> Aim of the exercise: Pictures are to be omitted; everything else in the data must be transcribed exactly.

> Source material:
>>

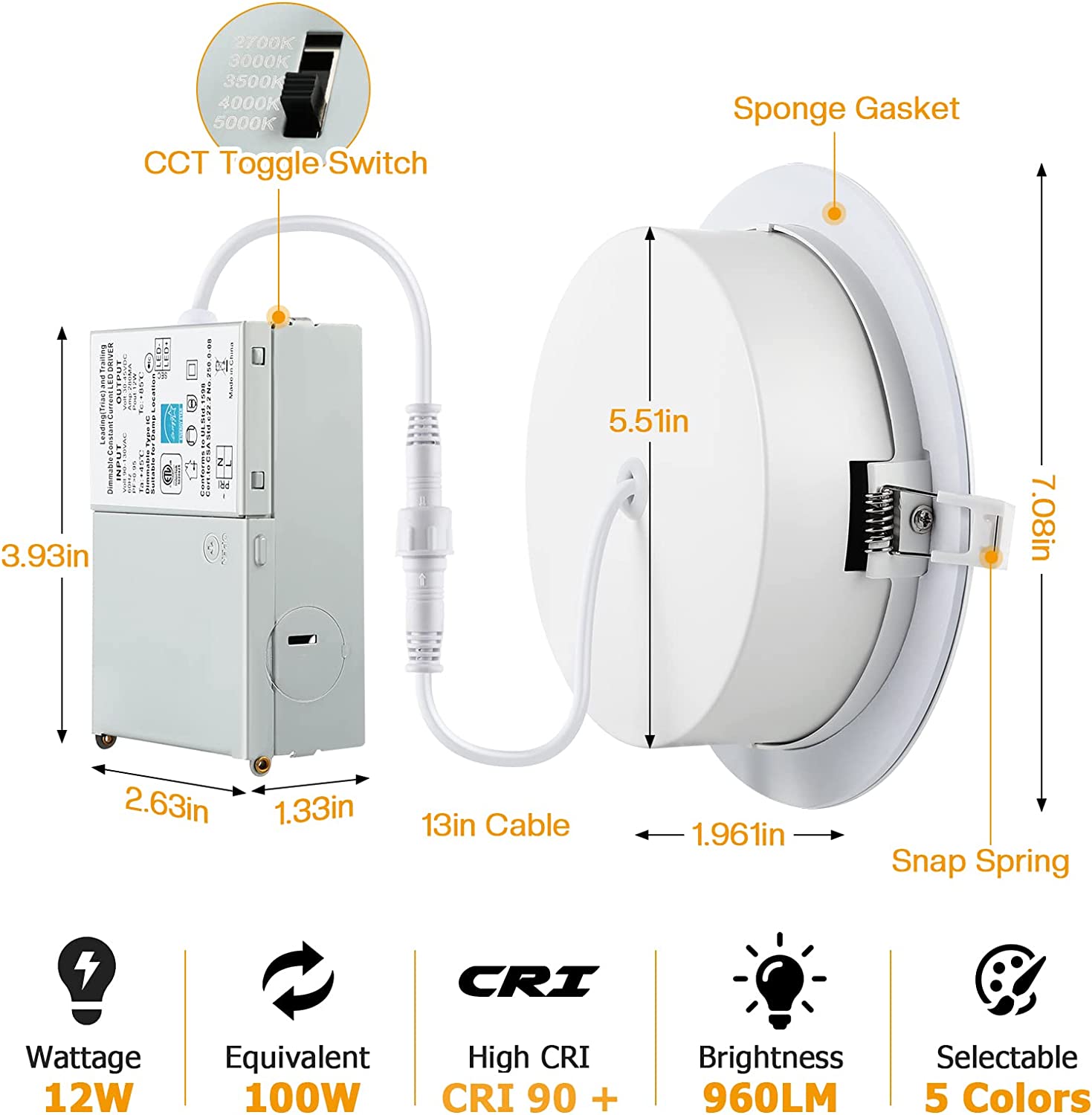 4-дюймовые потолочные светильники WIFI RGB 2000K-6000K DAMP со светодиодными встраиваемыми подвесными панелями и распределительной коробкой с регулируемой яркостью Потолочное освещение с номиналом IC ETL Energy Star YG002B9-R-5L-WIFI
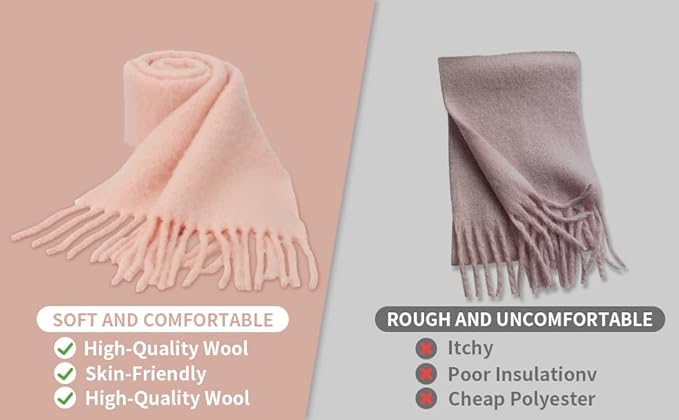 HOPETLA Wool Scarf Wrap With Gift Box for Women Men Gift Idea 93"x12" Large winter Warm Scarf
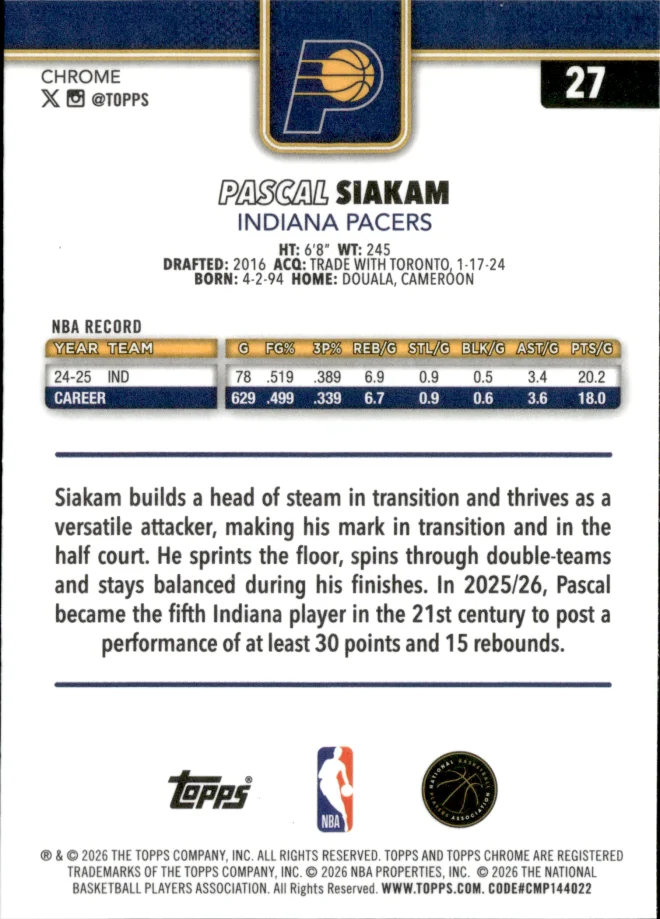 Pascal Siakam card back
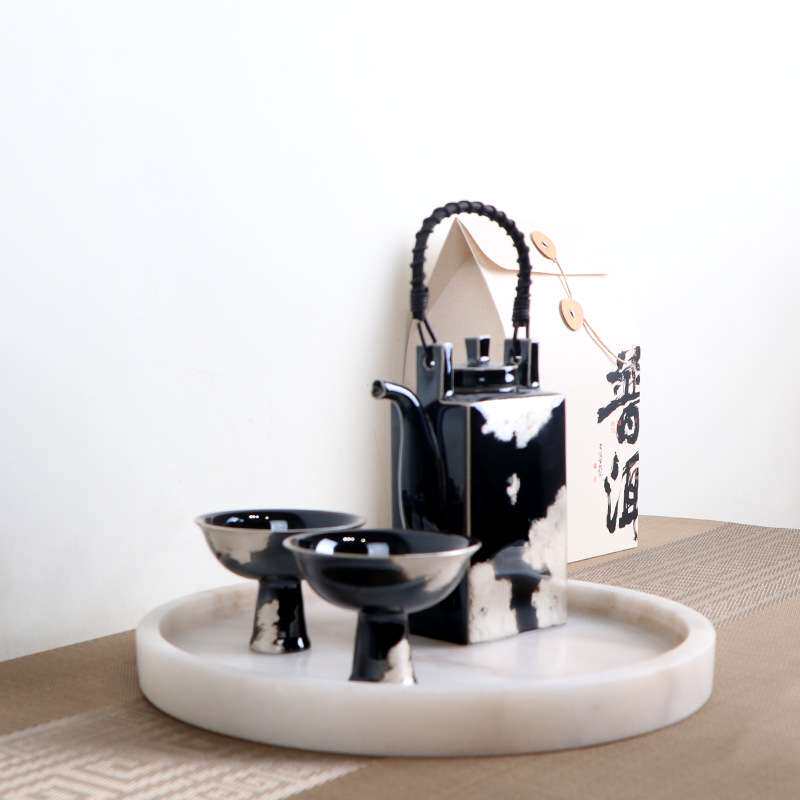 中古新中式大理石水果盘摆件茶具茶盘组合装饰样板间书房托盘套装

<<

> Problem solution:
 4-дюймовые потолочные светильники WIFI RGB 2000K-6000K DAMP со светодиодными встраиваемыми подвесными панелями и распределительной коробкой с регулируемой яркостью Потолочное освещение с номиналом IC ETL Energy Star YG002B9-R-5L-WIFI
 HOPETLA Wool Scarf Wrap With Gift Box for Women Men Gift Idea 93"x12" Large winter Warm Scarf
 Pascal Siakam card back
 中古新中式大理石水果盘摆件茶具茶盘组合装饰样板间书房托盘套装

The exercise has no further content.